Vix one thing about me is I can read people well. And despite never meeting you I can read you. I don't think you are as happy and clear in your convictions in real life as you like to come across. Human nature says we all like to belong somewhere and you don't have that. You are in a limbo of two worlds. Deep down you know the whites around you don't get you and push come to shove they see you as another black Muslim girl. You worker hard to prove them you are different. But you know deep down with having black Muslim parents they will never fully.
Your story ain't unique. And you pretending you dating these great guys. Black girls like you who hates where they come from usually dates low level guys from other races. Until you actually come to terms with you being somali and accept whole of you. Truth is you will live a life constantly seeking others approval and be unfulfilled.
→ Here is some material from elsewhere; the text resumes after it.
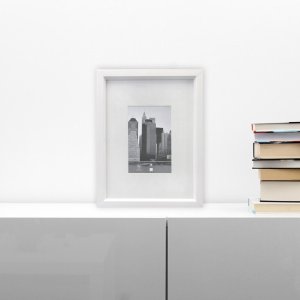 cornice 20x30 cm in plastica METALLICA - bianco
I’m an open book. If my views are veiled, it’s because I’m being nice 99% of the time. I say what I mean, and if I don’t, I’ll blurt it out eventually.
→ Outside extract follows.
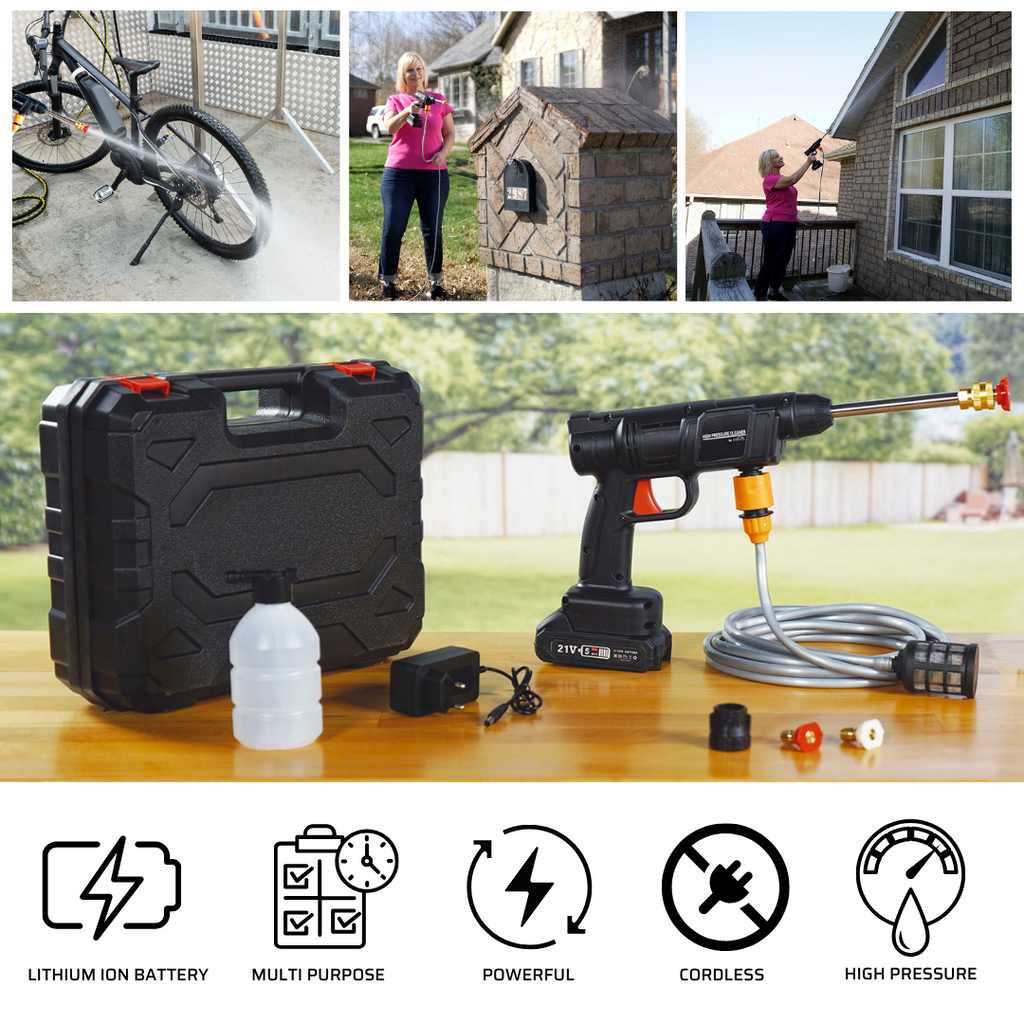 Pistola de presión Turbo: máxima potencia para una limpieza impecable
I never had a problem fitting in anywhere. I was born in my community and I’m tied to it. I get that you Europeans are somehow made to feel inferior to your countrymen, and I’ve noticed that the American users here tend to be different in that they have no conflict identifying as an Americans comparitively to you Europeans who feel like outsiders, and seem to have some kind of chip of “otherness” on your soldier, but that doesn’t apply to us (and definitely not me).
In fact, my parents have no problem fitting in as Muslims either. My mom wears a regular hijab, and they’re both religious.
I don’t have a reason to pretend to date. I did not date for almost three years consecutively, bc I wasn’t in a place where I wanted to. I know my worth, and whether Somali or White, being that I’m lucky enough to be capable of getting exactly what I want and having regard and self-esteem for myself, I would never stoop to date someone who isn’t on my level.
I’m Somali, but I don’t accept what that means in the diaspora, nor in the homeland. It’s all disorder, destruction and dysfunction, with not much silver lining. That doesn’t mean I hate myself. If anything, to not be in a position where that is the defining features of my life makes me feel fortunate, but it’s a feeling that’s depressing, because that’s not much light in a diaspora defined by all kinds of negativities, from gang violence to being low class educationally, to the dysfunction of the families.
That’s not a problem approval from outside groups can solve, but you can’t see that. You don’t know how to read anything. You’re full of malice anytime someone tells anything negative, even if it’s true. Sometimes I admire your selective reasoning, and ability to block out reality. You so lack self-awareness that you post videos showing black boys robbing stores, meanwhile your brothers are in the streets performing those same robberies. I honestly think you’re one of the damaged males in the community, and probably have an unsavory past.